(Short web captions)
_____

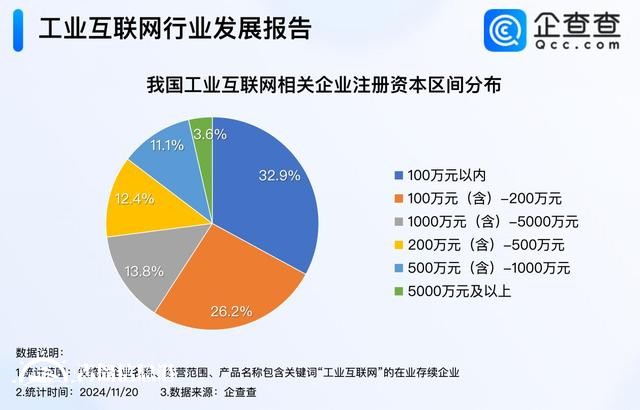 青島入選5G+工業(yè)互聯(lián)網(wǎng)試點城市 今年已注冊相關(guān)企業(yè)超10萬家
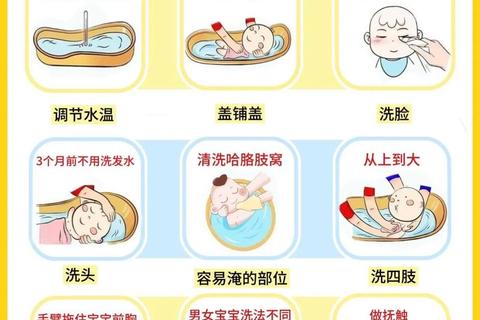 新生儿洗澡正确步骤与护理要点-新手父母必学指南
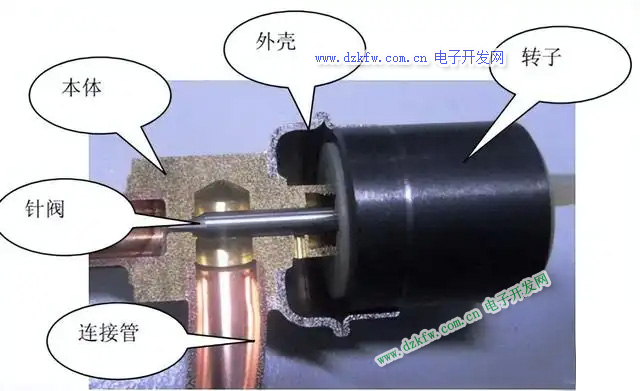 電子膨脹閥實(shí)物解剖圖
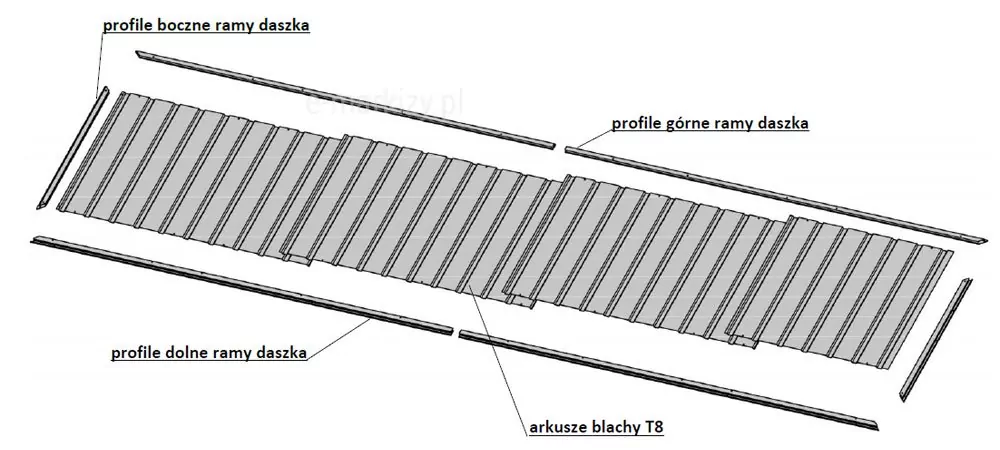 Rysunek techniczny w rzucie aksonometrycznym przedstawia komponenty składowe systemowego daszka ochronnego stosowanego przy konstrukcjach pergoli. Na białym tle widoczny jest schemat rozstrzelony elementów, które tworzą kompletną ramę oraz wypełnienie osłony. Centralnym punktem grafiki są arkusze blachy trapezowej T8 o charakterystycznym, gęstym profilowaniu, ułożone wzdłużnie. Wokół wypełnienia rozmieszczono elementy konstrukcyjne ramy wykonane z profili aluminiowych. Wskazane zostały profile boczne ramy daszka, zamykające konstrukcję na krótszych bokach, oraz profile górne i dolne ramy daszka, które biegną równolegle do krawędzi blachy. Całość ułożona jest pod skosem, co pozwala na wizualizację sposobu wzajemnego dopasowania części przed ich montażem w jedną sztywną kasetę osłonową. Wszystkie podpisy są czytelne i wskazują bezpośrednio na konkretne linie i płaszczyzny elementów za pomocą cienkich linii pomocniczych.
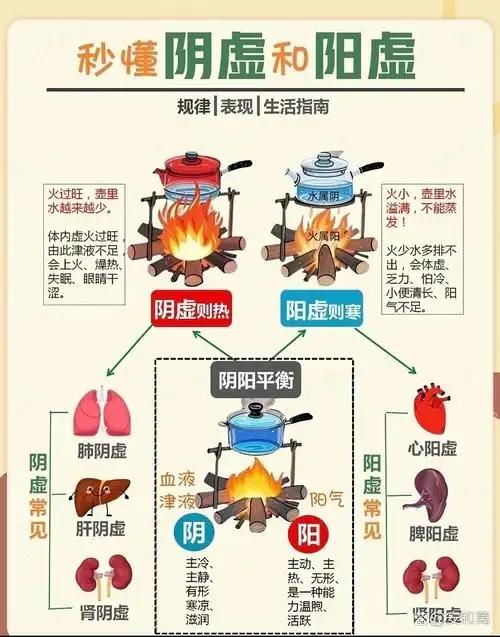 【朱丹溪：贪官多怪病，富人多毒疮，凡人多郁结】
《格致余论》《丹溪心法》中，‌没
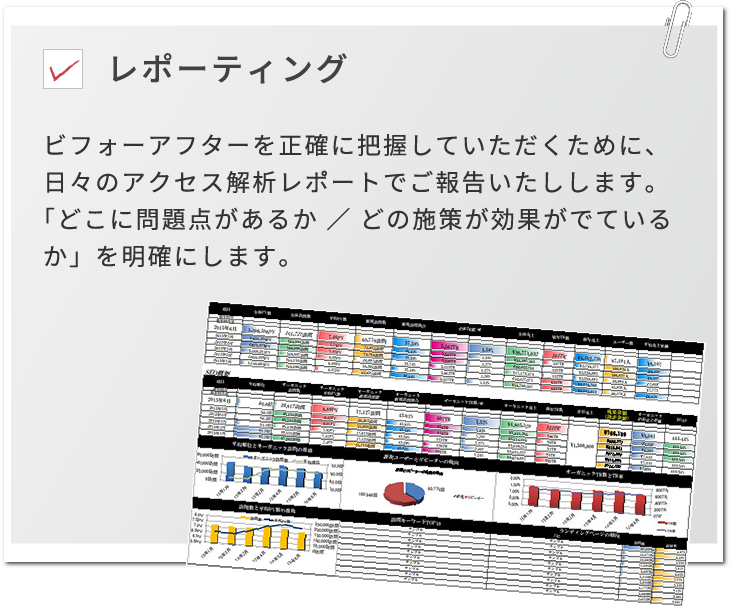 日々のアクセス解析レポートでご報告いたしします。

_____

### [Exercise prompt]
Print, exactly as written, the lines above from the first one to the one containing "電子膨脹閥實(shí)物解剖圖". Leave out pictures.

### [Answer box]
 青島入選5G+工業(yè)互聯(lián)網(wǎng)試點城市 今年已注冊相關(guān)企業(yè)超10萬家
 新生儿洗澡正确步骤与护理要点-新手父母必学指南
 電子膨脹閥實(shí)物解剖圖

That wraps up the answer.